La Stampa 8.9.15
Interrogativi mai risolti sempre attuali
di Maurizio Molinari
Con Rabin, The Last Day il regista Amos Gitai pone gli interrogativi irrisolti sull’assassinio del premier israeliano avvenuto il 5 novembre di 20 anni fa. Riguardo alle possibili complicità che favorirono l’assassino Yigal Amir, Gitai pronuncia il nome di Avishai Raviv, l’agente dello Shin Beth - il controspionaggio - sospettato di aver infiltrato i gruppi estremisti di destra e svolto un ruolo da «provocatore» fino all’istigazione del killer a uccidere il premier, ma poi assolto da ogni accusa nel 2003 per sparire letteralmente nel nulla. Al punto che oggi nessuno sa dove si trovi o che cosa stia facendo.
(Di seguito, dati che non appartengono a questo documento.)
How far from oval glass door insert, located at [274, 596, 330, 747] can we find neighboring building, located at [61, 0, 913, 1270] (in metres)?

E poi c’è il contesto dell’omicidio di Rabin, a cui Gitai dedica maggiore attenzione, puntando l’indice sull’atmosfera di delegittimazione di Rabin e di fanatismo estremista a cui addebita la responsabilità di aver posto le premesse per l’omicidio. Gitai chiama in causa i leader religiosi ultrà che pronunciarono sentenze contro Rabin - il «Din Rodef» - imputandogli di aver violato il patto che lega Dio e Terra di Israele consegnando parte di quest’ultima ai palestinesi con gli accordi di Oslo del 1993.
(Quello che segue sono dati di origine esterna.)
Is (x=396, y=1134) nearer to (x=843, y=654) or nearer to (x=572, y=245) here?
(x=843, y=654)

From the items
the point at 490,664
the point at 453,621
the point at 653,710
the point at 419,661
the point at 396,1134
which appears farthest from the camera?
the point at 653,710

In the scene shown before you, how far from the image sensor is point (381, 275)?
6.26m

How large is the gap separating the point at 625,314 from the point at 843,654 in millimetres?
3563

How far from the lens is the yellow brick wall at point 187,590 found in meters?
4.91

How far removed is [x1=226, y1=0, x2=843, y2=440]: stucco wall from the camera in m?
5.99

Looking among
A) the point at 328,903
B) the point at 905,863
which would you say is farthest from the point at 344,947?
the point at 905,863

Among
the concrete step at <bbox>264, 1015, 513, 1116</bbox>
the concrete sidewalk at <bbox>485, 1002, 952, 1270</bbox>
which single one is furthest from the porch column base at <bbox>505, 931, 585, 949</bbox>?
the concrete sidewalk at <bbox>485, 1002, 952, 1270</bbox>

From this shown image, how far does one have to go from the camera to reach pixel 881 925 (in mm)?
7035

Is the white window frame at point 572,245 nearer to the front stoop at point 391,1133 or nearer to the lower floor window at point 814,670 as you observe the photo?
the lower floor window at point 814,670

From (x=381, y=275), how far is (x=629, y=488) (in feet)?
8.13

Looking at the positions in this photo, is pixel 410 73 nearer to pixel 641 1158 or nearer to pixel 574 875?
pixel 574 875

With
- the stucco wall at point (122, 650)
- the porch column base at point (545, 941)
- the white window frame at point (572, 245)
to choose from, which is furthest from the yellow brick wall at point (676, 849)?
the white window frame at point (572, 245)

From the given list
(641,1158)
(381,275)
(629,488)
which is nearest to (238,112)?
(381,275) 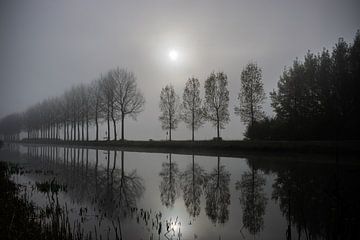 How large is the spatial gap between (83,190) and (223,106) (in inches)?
1444

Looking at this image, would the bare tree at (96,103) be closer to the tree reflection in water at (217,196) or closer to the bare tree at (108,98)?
the bare tree at (108,98)

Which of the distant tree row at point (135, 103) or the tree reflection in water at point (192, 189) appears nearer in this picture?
the tree reflection in water at point (192, 189)

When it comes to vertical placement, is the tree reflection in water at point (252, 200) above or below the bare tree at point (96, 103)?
below

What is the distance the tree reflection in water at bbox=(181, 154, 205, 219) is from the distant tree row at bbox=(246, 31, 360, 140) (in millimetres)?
20388

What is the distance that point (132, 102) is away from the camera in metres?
58.4

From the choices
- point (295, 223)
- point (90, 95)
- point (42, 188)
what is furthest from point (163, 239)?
point (90, 95)

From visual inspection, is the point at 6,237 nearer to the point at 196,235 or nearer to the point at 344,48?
the point at 196,235

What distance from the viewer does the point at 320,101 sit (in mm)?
38781

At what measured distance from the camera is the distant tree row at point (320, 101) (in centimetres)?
3512

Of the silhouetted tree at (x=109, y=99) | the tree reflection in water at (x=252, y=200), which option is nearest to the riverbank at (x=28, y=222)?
the tree reflection in water at (x=252, y=200)

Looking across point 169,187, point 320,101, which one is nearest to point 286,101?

È una denuncia dell’estremismo ultra-nazionalista ebraico molto d’attualità in Israele per via della ferita dei «terroristi ebrei», come il premier Benjamin Netanyahu li definisce, responsabili dell’attacco incendiario al villaggio palestinese di Douma nel quale è morto in luglio il piccolo Ali Saad.